● **Task goal**: Copy the lines below as they are; omit the images they contain.

[Web page caption snippets]
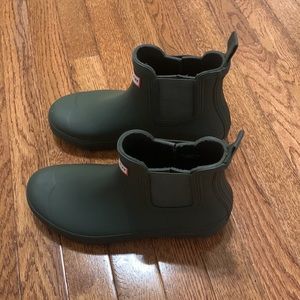 Hunter women’s Original Chelsea rain boot size 9
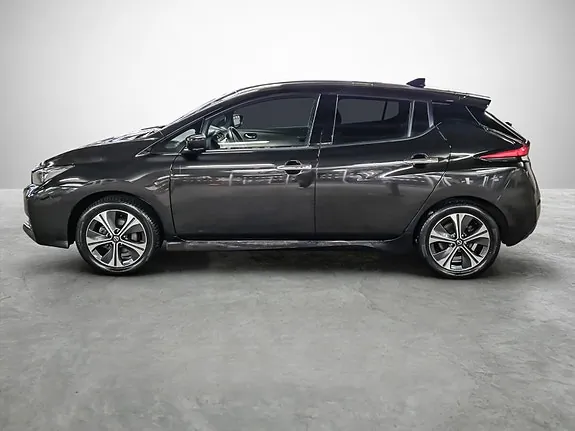 Nissan Leaf 2021 photo 2
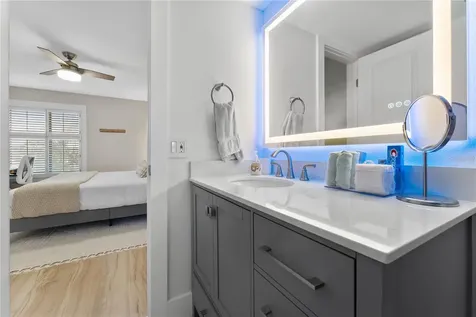6287 Bahia Del Mar Circle St Petersburg FL 33715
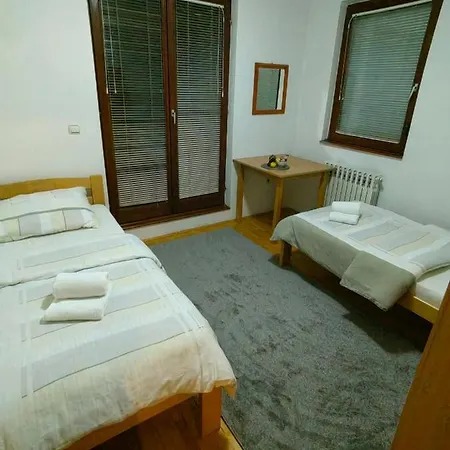 بيت ضيافة Apartman Trg Vranjes
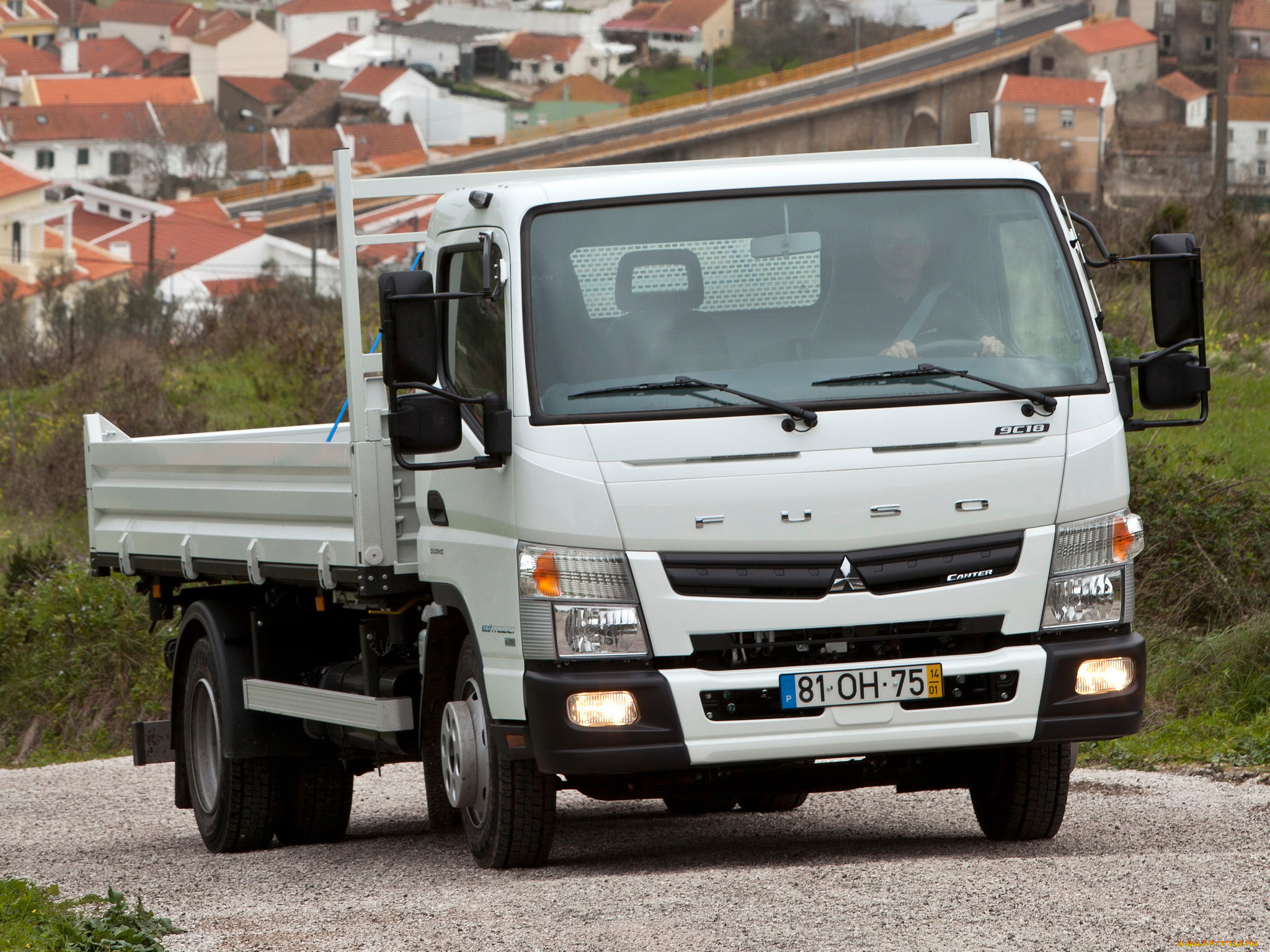 Mitsubishi canter. Mitsubishi Fuso Canter. Мицубиси Фусо Кантер. Митсубиси Fuso Кантер. Грузовой Митсубиси Кантер.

● **Response to this task**:
 Hunter women’s Original Chelsea rain boot size 9
 Nissan Leaf 2021 photo 2
6287 Bahia Del Mar Circle St Petersburg FL 33715
 بيت ضيافة Apartman Trg Vranjes
 Mitsubishi canter. Mitsubishi Fuso Canter. Мицубиси Фусо Кантер. Митсубиси Fuso Кантер. Грузовой Митсубиси Кантер.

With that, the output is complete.